#### TASK STATEMENT
Please repeat exactly the lines from the one containing "this 512×384 image." through the last line of the records below, both included, and leave out any pictures.

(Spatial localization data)
==================================================
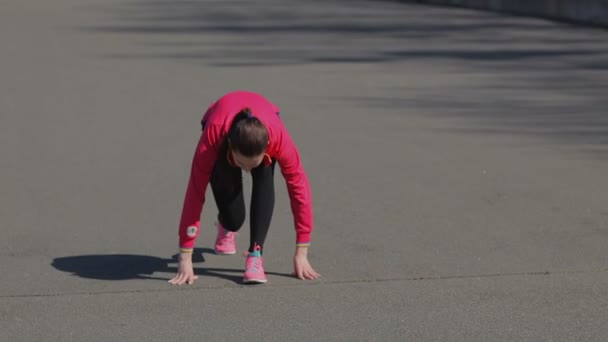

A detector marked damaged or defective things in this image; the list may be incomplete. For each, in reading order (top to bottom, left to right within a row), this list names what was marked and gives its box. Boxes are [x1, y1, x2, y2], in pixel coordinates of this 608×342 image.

crack in asphalt [2, 268, 604, 300]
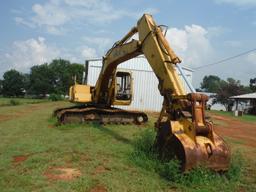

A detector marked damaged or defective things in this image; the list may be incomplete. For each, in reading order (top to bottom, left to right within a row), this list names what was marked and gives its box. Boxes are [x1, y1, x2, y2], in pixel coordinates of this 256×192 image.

rusty metal surface [54, 106, 148, 125]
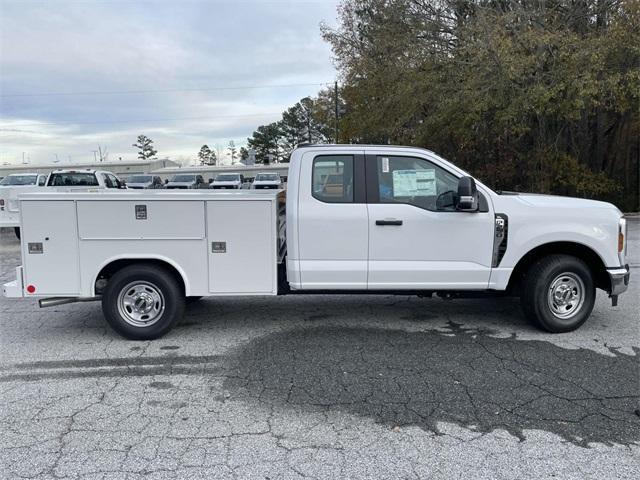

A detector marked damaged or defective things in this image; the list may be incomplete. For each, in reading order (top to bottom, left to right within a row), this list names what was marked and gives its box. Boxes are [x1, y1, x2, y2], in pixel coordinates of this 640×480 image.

cracked pavement [0, 220, 636, 476]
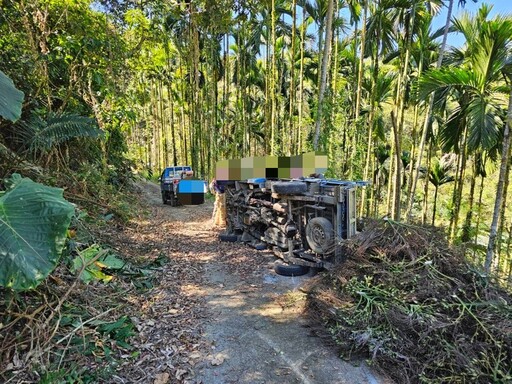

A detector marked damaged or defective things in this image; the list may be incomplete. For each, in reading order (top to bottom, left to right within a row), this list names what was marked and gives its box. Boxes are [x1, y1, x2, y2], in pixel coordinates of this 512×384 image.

overturned truck [218, 152, 362, 272]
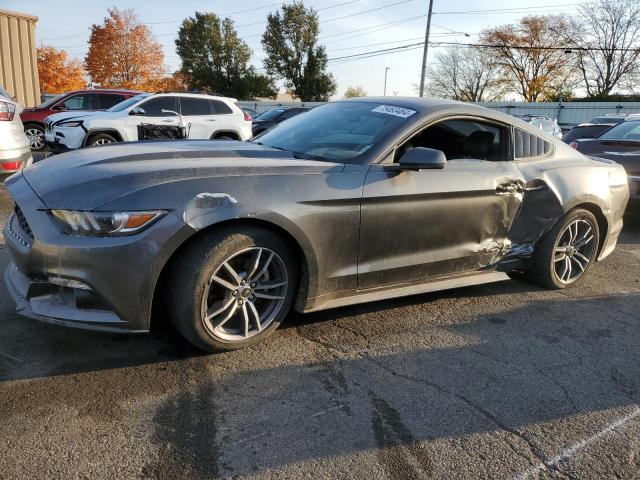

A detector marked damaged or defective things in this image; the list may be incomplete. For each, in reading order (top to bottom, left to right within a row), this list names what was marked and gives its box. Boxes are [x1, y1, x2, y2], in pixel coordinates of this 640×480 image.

dented body panel [2, 98, 628, 334]
damaged gray sports car [2, 98, 628, 352]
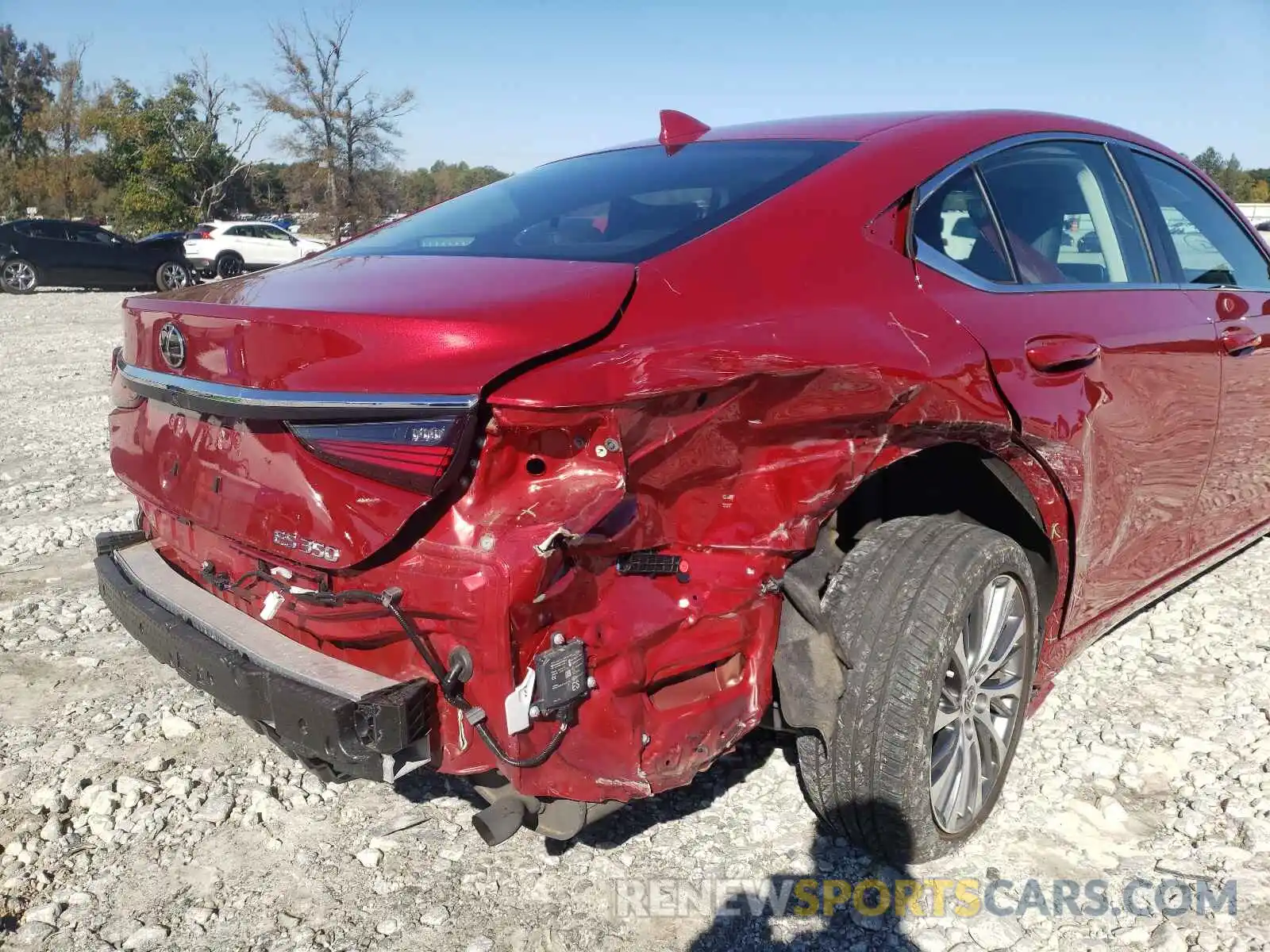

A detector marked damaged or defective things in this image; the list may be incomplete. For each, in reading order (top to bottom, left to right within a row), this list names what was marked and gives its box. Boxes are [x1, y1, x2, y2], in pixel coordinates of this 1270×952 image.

detached bumper [93, 536, 432, 781]
severe rear collision damage [97, 109, 1092, 857]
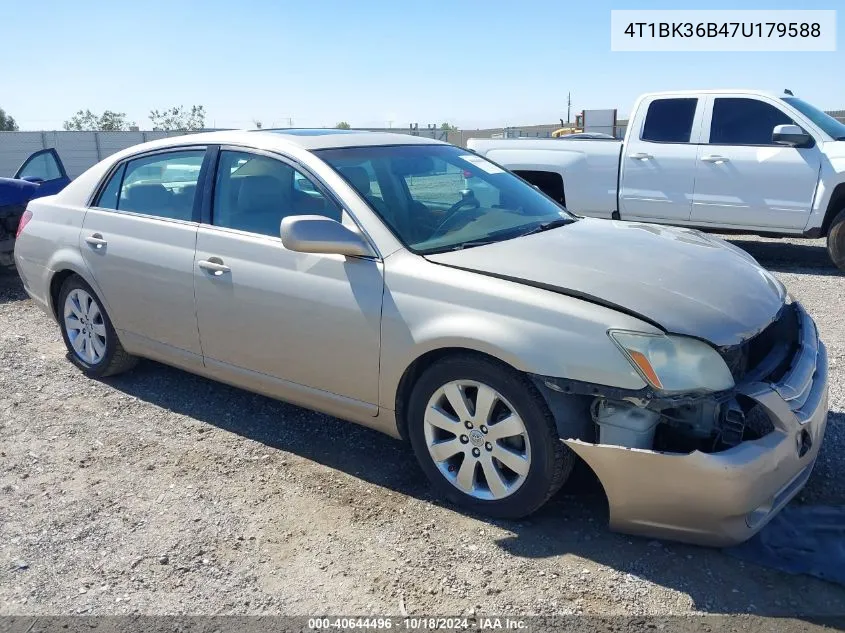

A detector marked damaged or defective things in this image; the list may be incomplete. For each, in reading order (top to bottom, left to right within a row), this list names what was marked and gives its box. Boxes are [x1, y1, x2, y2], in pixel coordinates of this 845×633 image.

damaged front bumper [552, 304, 828, 544]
==================================================
#### TASK SOLUTION
A detector marked damaged or defective things in this image; the list may be incomplete. For each, in reading order (top to bottom, left to right within a row), this list names what was marked and gives its box. Boxes are [x1, y1, x2, y2], in pixel coordinates of this 512×384 image.

overturned truck [218, 152, 362, 272]

A detector marked damaged or defective things in this image; the list may be incomplete. For each, in reading order (top to bottom, left to right within a row), this list names what was marked and gives its box. Boxes are [x1, y1, x2, y2], in pixel coordinates of this 640×480 image.

dented body panel [2, 98, 628, 334]
damaged gray sports car [2, 98, 628, 352]

A detector marked damaged or defective things in this image; the list may be incomplete. For each, in reading order (top to bottom, left to right within a row), this list names what was marked and gives its box. Boxes are [x1, y1, x2, y2], in pixel coordinates of this 1270×952 image.

detached bumper [93, 536, 432, 781]
severe rear collision damage [97, 109, 1092, 857]

A detector marked damaged or defective things in this image; the list may be incomplete. For each, in reading order (top to bottom, left to right within a row), this list names what was marked and gives its box. Boxes are [x1, y1, x2, y2], in pixel coordinates of this 845×633 image.

damaged front bumper [552, 304, 828, 544]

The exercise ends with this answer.